We can try to equivocate a carefree Christian life in this world, but Scripture makes it evidently clear—all who desire to live a godly life will suffer (2 Tim. 3:12). Yes, it says “all.”
Christians who don’t suffer for the gospel don’t confront the world with the gospel. They are dressed in the world’s version of it, not the one that clothed Jesus.
Jesus was clothed in suffering. As “the founder and perfecter of our faith,” He “suffered the cross” and “despised the shame” (Heb. 12:2). He was shamed outwardly, but unashamed inwardly.

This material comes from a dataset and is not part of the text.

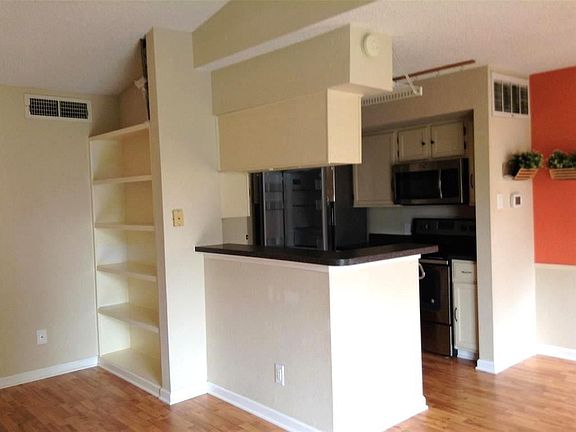3rd image of 2120 El Paseo St APT 1304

Christians are followers of Christ. We are to “share in suffering for the gospel by the power of God” (2 Timothy 1:8). We are to endure the cross and despise the shame. This is what Jesus meant when He said, “If anyone would come after me, let him deny himself and take up his cross and follow me” (Matt. 16:24). Though figurative, it points to a very literal reality.
Being shamed for the gospel is inseparable from being unashamed of the gospel. The Christ follower will be shamed for the gospel, however that suffering may come, if he is truly unashamed of the gospel.
Scripture puts it this way, “For to this you have been called, because Christ also suffered for you, leaving you an example, so that you might follow in his steps” (1 Pet. 2:21). The Christ follower must be willing to confront the world at any cost to himself.
Remember that the world hates Jesus and since He is not here to hate, they will hate you instead—that is, if you remind them of Him (Jn. 15:18). Do you remind the world of Jesus? You will know by the shame you despise.
Christian: Be shamed, but be unashamed.